▶ **Exercise**
Nothing but the text should be carried over: reproduce all the data exactly and leave out every image.

▶ **Collected material**
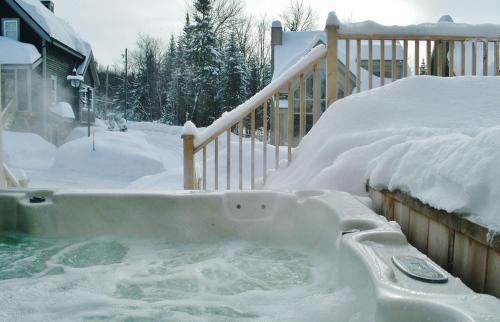 a hot tub covered in snow next to a house at Chalet 9006 Chemin des Alpages by Les Chalets Alpins in Stoneham
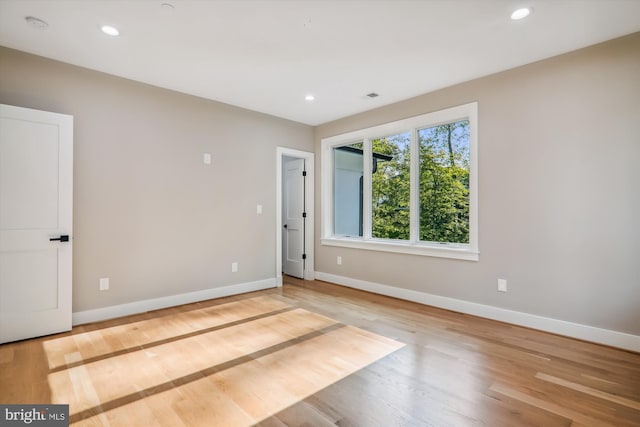 empty room featuring baseboards, wood finished floors, and recessed lighting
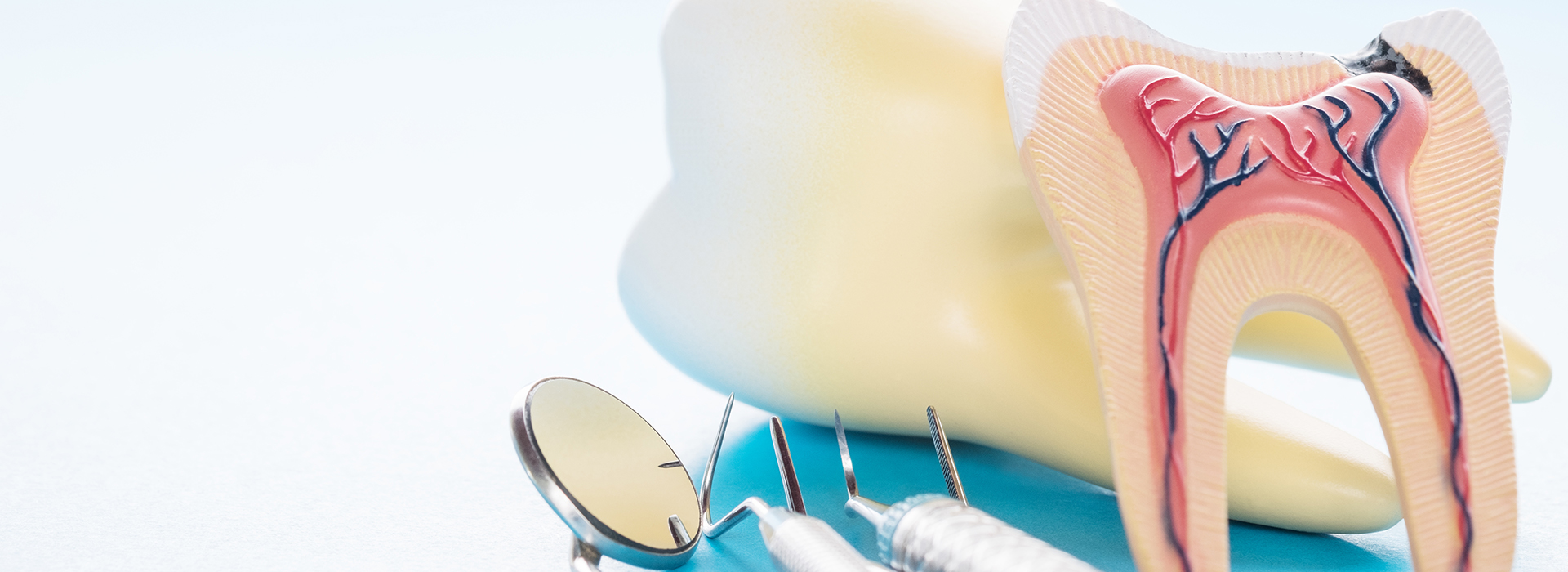 The image shows a toothbrush with bristles next to an illustration of a tooth with a cavity, placed on a white background.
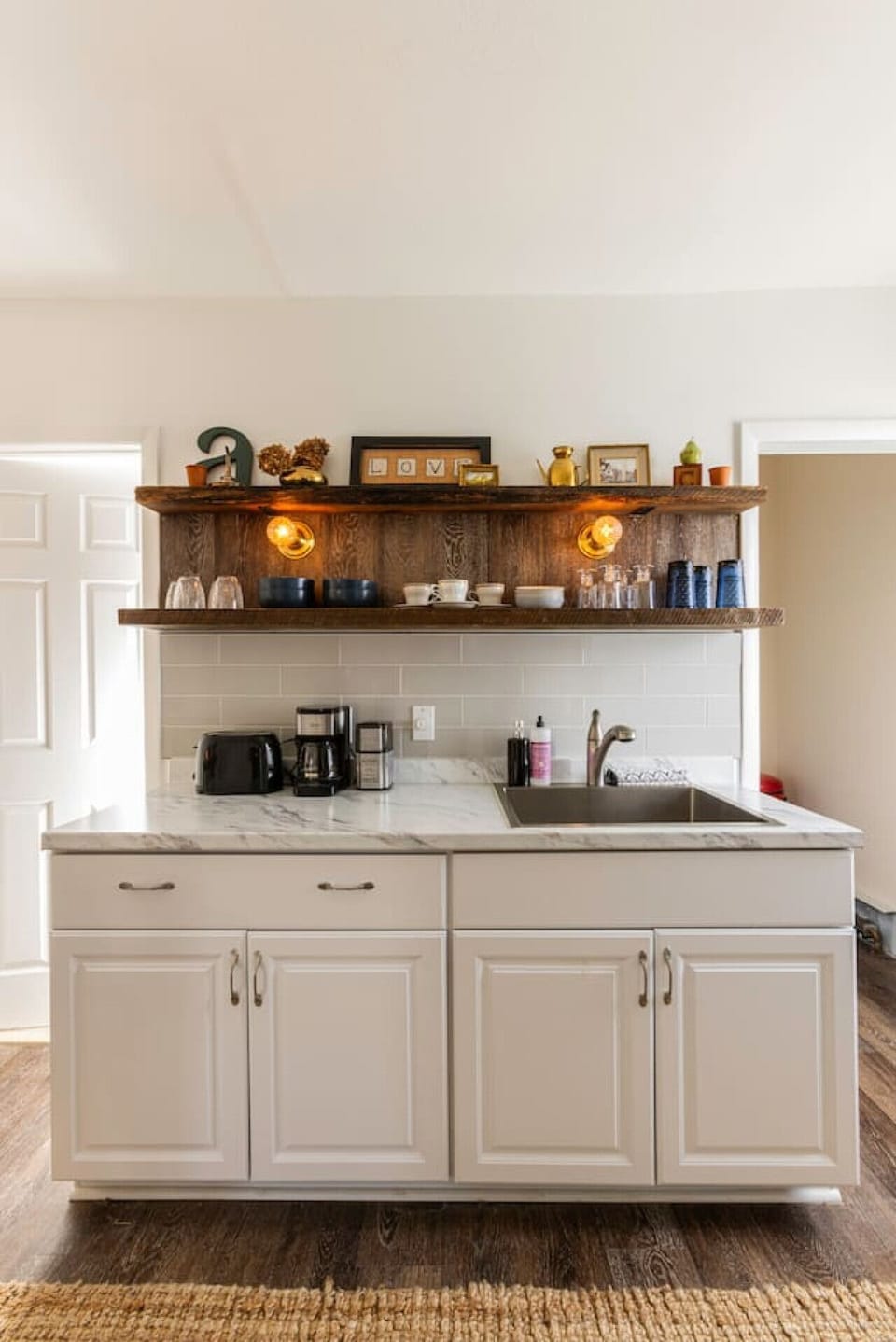Fully equipped kitchen featuring a refrigerator, sink, stove, toaster, coffee maker, salt and pepper, olive oil, microwave, and essential cooking supplies. A bar table seats two, perfect for shared meals. Handcrafted rustic floating shelves, vintage touch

▶ **Response to the exercise**
 a hot tub covered in snow next to a house at Chalet 9006 Chemin des Alpages by Les Chalets Alpins in Stoneham
 empty room featuring baseboards, wood finished floors, and recessed lighting
 The image shows a toothbrush with bristles next to an illustration of a tooth with a cavity, placed on a white background.
Fully equipped kitchen featuring a refrigerator, sink, stove, toaster, coffee maker, salt and pepper, olive oil, microwave, and essential cooking supplies. A bar table seats two, perfect for shared meals. Handcrafted rustic floating shelves, vintage touch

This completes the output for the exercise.